* _DATASET EXTRACT_
[Start of Attachment]

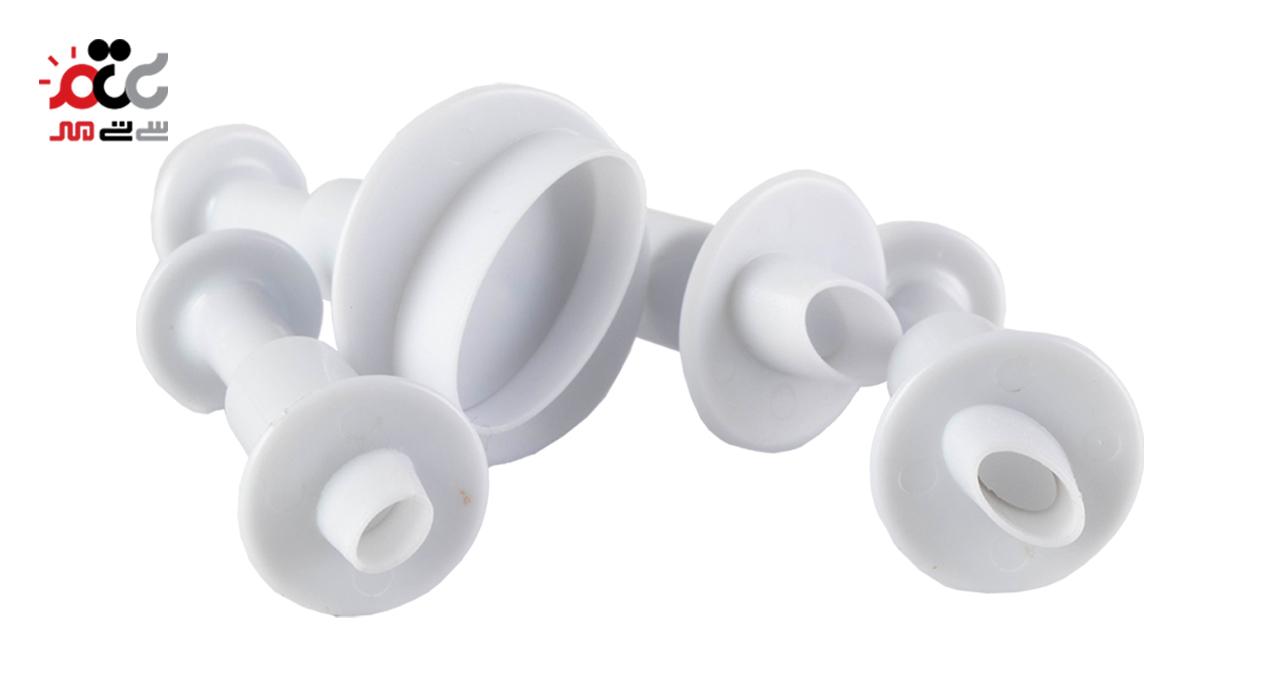 کاتر شیرینی پزی مدل فشاری طرح بیضی مجموعه 4 عددی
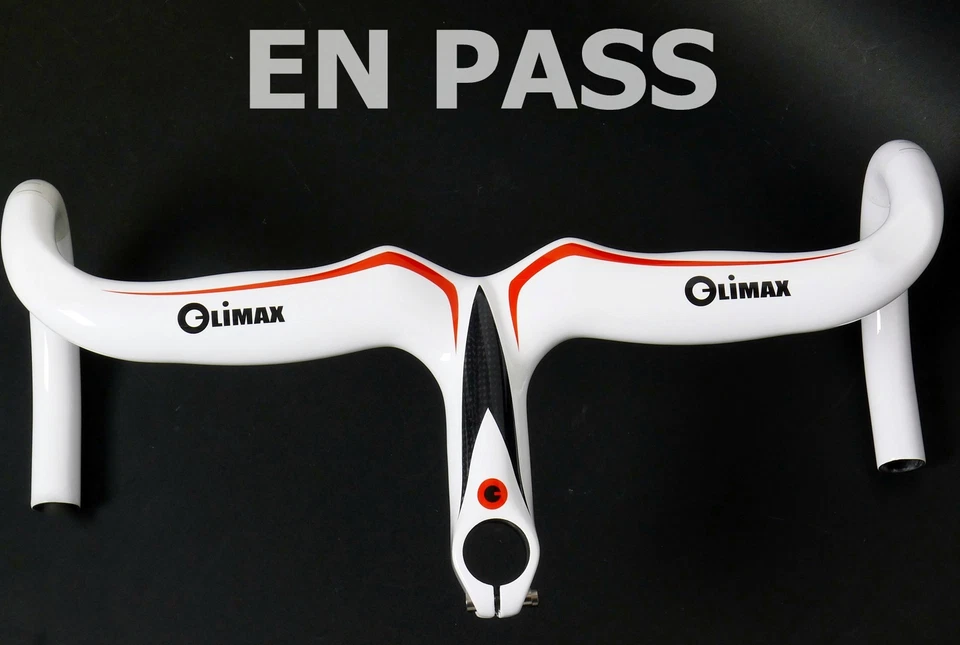 mr-ride 42x10cm 335g Climax 3K Carbon Integrated Handlebar stem HR03B White - Image 2 of 4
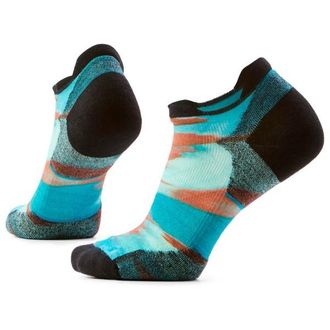 Smartwool Run Targeted Cushion Brushed Prt Low Ankle Laufsocken f&uuml;r Damen | bunt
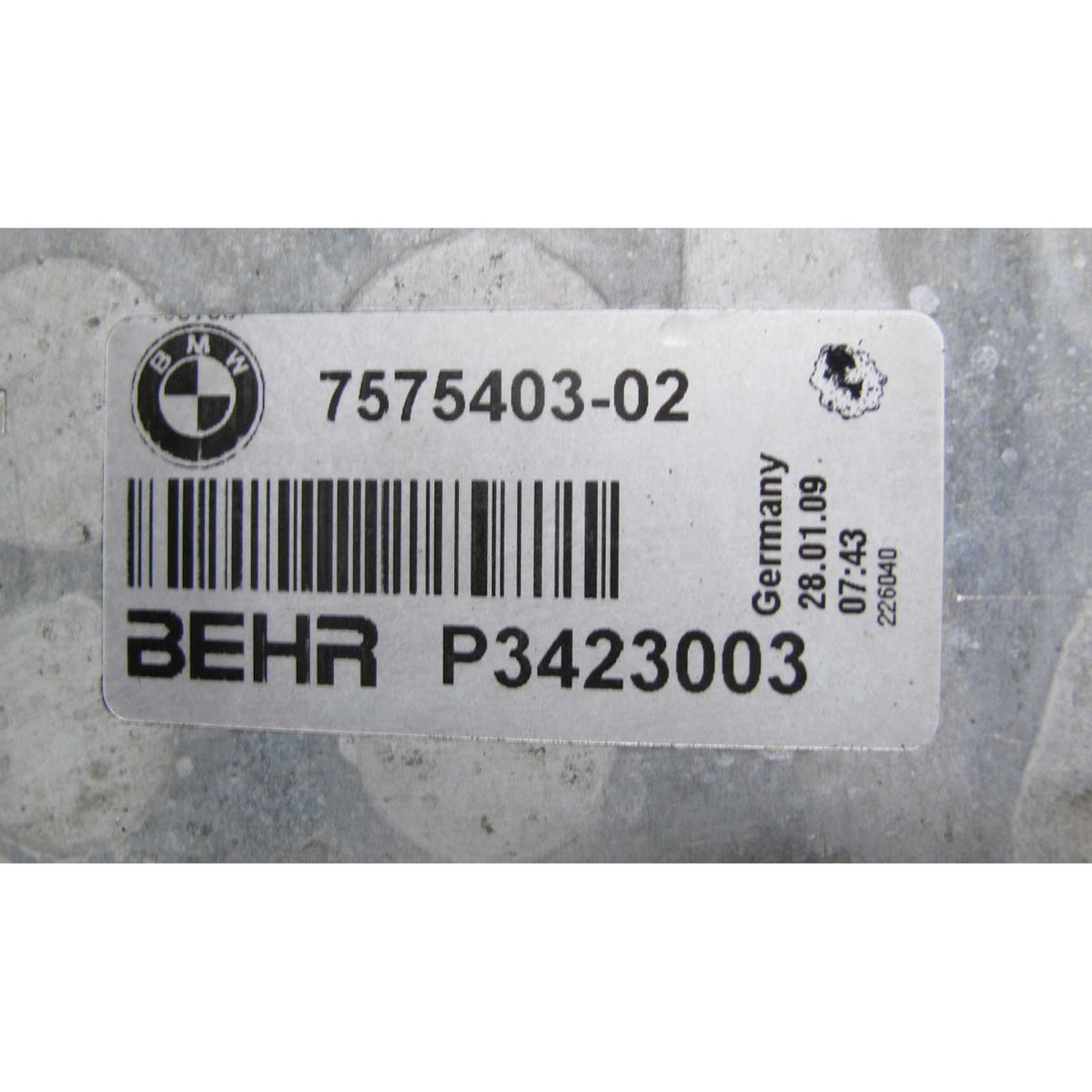2009-2017 BMW N62 N63N Twin Turbo V8 Left Bank 2 Charge-Air Intercooler USED OEM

[End of Attachment]

Every line of the data above should be repeated exactly. Omit the pictures.

* _ANSWER BELOW_
 کاتر شیرینی پزی مدل فشاری طرح بیضی مجموعه 4 عددی
 mr-ride 42x10cm 335g Climax 3K Carbon Integrated Handlebar stem HR03B White - Image 2 of 4
 Smartwool Run Targeted Cushion Brushed Prt Low Ankle Laufsocken f&uuml;r Damen | bunt
2009-2017 BMW N62 N63N Twin Turbo V8 Left Bank 2 Charge-Air Intercooler USED OEM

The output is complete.